» **WORK TASK**:
Exact repetition, pictures omitted: give every record below again.

═════ SOURCE DATA ═════

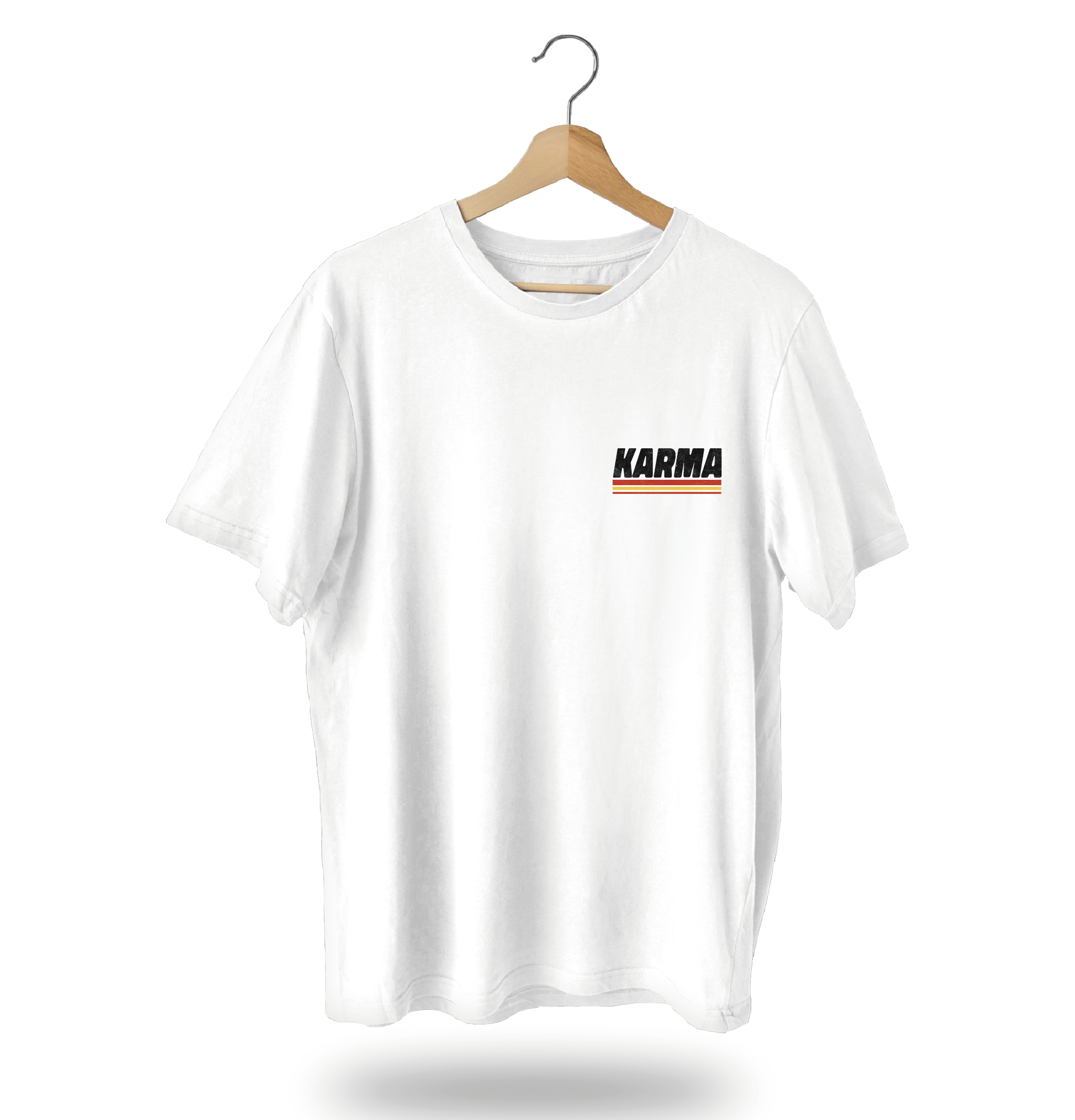 Taylor Swift Karma T-shirt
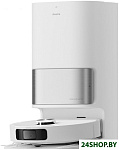 Automatic Cleaning Robot S10 (китайская версия, белый)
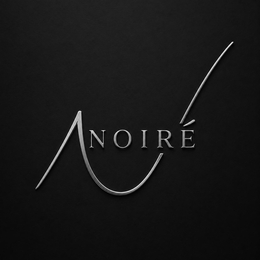 NOIRÃ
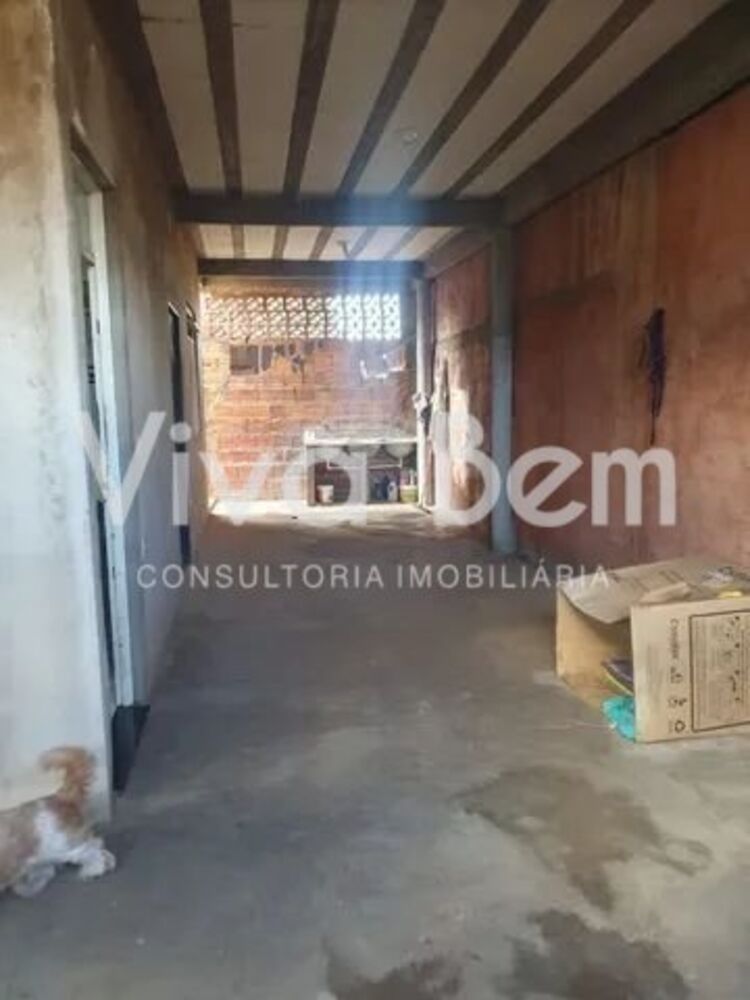 Casa, 3 quartos, 80 m² - Foto 5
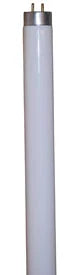 Bulb F32T8/ADV841/ALTO 25 Replacement PHILIPS Pieces Replacement Light for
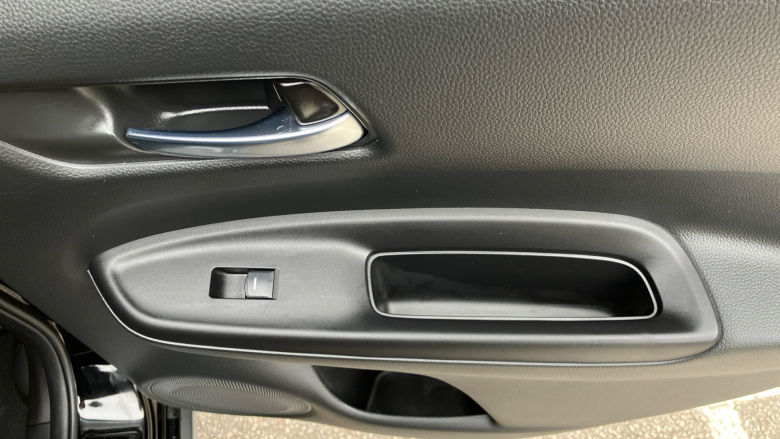 Honda Jazz 1.5 i-MMD Hybrid Crosstar Advance 5dr eCVT Hybrid Hatchback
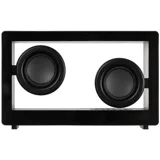 Bluetooth-колонка со светомузыкой Sensofonic — фото 3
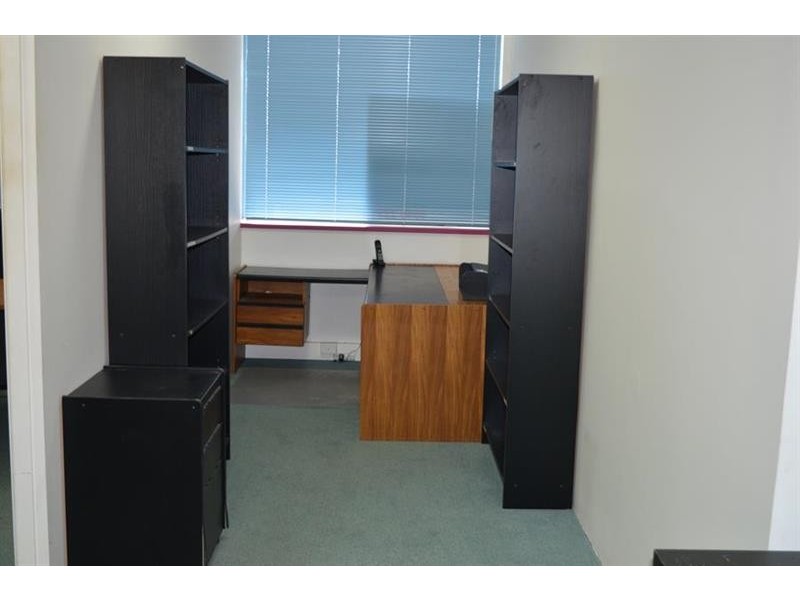 8/19-21 Coldstream St, Yamba NSW 2464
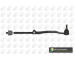 Příčné táhlo řízení BGA SR0924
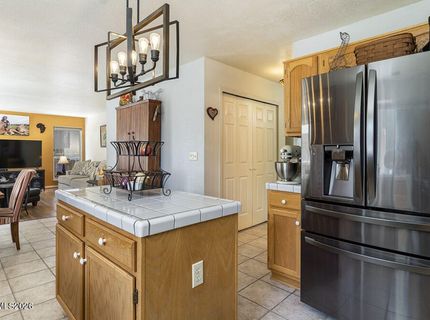 4490 Reddawn Drive, Reno, NV 89523 Photo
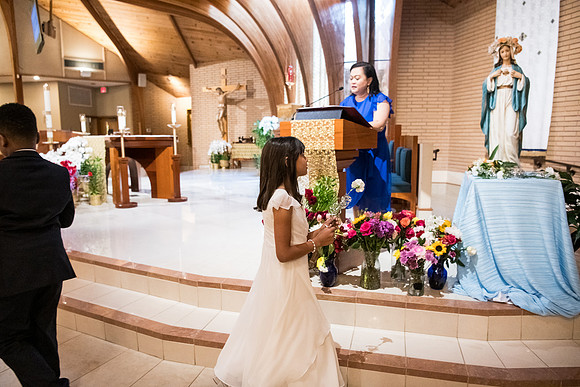 SJV First Communion 2024 0108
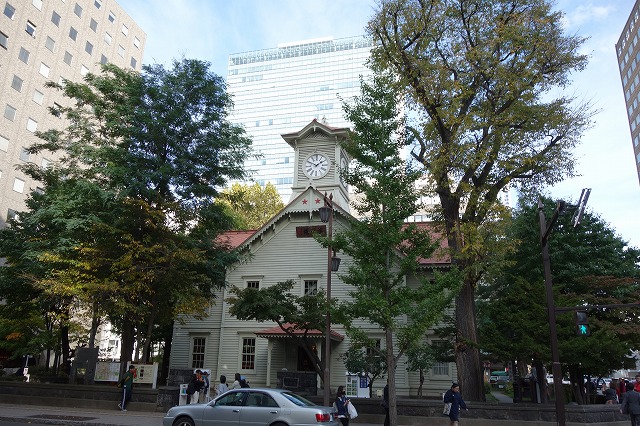 ���{�O�傪�����薼��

═════

» **RESPONSE FOR THIS EXERCISE**:
 Taylor Swift Karma T-shirt
 Automatic Cleaning Robot S10 (китайская версия, белый)
 NOIRÃ
 Casa, 3 quartos, 80 m² - Foto 5
 Bulb F32T8/ADV841/ALTO 25 Replacement PHILIPS Pieces Replacement Light for
 Honda Jazz 1.5 i-MMD Hybrid Crosstar Advance 5dr eCVT Hybrid Hatchback
 Bluetooth-колонка со светомузыкой Sensofonic — фото 3
 8/19-21 Coldstream St, Yamba NSW 2464
 Příčné táhlo řízení BGA SR0924
 4490 Reddawn Drive, Reno, NV 89523 Photo
 SJV First Communion 2024 0108
 ���{�O�傪�����薼��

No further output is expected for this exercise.